正月の帰省

 今年の正月は、実家に帰省しようと思っている。

 カミサンが病気になる前の正月が最後で、そのあとはコロナになってしまったので、三年ぶりだ。

 東京の実家に電話すると、父も母も何とか元気にやってくれているようで安心した。

 近くに姉がいるのだが、免許も車も持っていないので、時々タクシーで買い物の手伝いをしてくれていると聞いていた。ところが最近、姉の足である姉の旦那さんが定年したのか、週に二回のペースで来てくれているのだという。

 近くのスーパーが閉店してしまい、買い物が大変だなと心配していたのだが、何とか大丈夫なようだった。

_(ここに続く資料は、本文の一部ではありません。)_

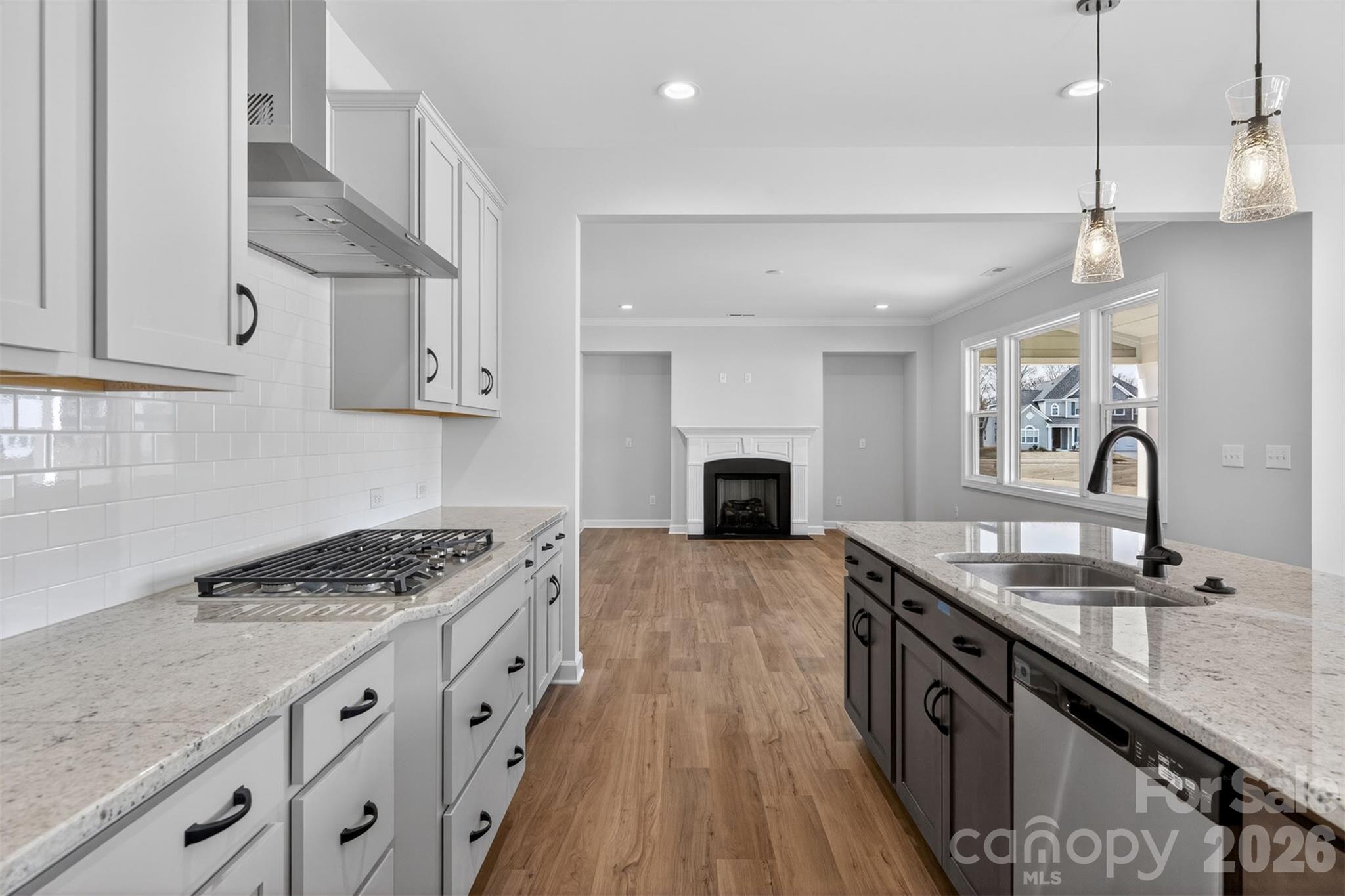 Camellia Gardens - Residential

 姉とはそれ程仲がよかったわけでもなく、私にとってはそれこそ空気のような存在だったのだが、ここへ来て存在感を増している。カミサンとは違って化粧っ気も色気もなく、ごくごく普通のオバサンになっているとは思うが、聞くところによると健康に暮らしてくれているようなので、これもまた助かる。

 オヤジは相変わらずで、ボケてはいないものの、エアコンの使い方がわからないから教えてくれとか、夜中に汗をかいてしょうがないとか、羽毛布団を三種類いろいろと使っているけれど、羽毛布団は汗を吸い取らないから下着をきちんと着て寝た方がいいのかとか、こんな事が気になっているようである。

 母はオヤジの気分のムラに少し悩んではいるものの、結婚後それこそ60年程一緒に暮らしてきているので、今さらどうのこうのもないようだ。しかし最近では、姉が味方に付いてくれているらしい。オヤジがペットボトルのラベルを剥がさずにゴミに出しているのを見て、姉がこれをきちんと剥がして捨てなければダメなんだよ、と注意したところ、オヤジは姉の言うことを聞き、きちんとできるようになったのだという。

 このあたり、今入院している義父とは全く違って、オヤジは娘の言うことをよく聞いているようだ。ますます姉の存在感が増しているというところだろうか。

 姉とは東日本大震災の後、一度会ったきりである。本来は私がやらなければならないことをきちんとやってくれているので、今回はこちら仙台の菓子折りの一つでも持って、お礼に行こうかなと思っている。

 平成元年生まれの子供、私にとっての甥っ子が一人いるのだが、さすがにお年玉はあげなくていいだろう。甥っ子にいたっては20年以上姿を見ておらず、すっかり疎遠になっている。

 今さらどうのこうのではないが、やはり正月というのは、家族の絆を確認するいい機会なのだなと、ごくごくあたり前のことを実感するのであった。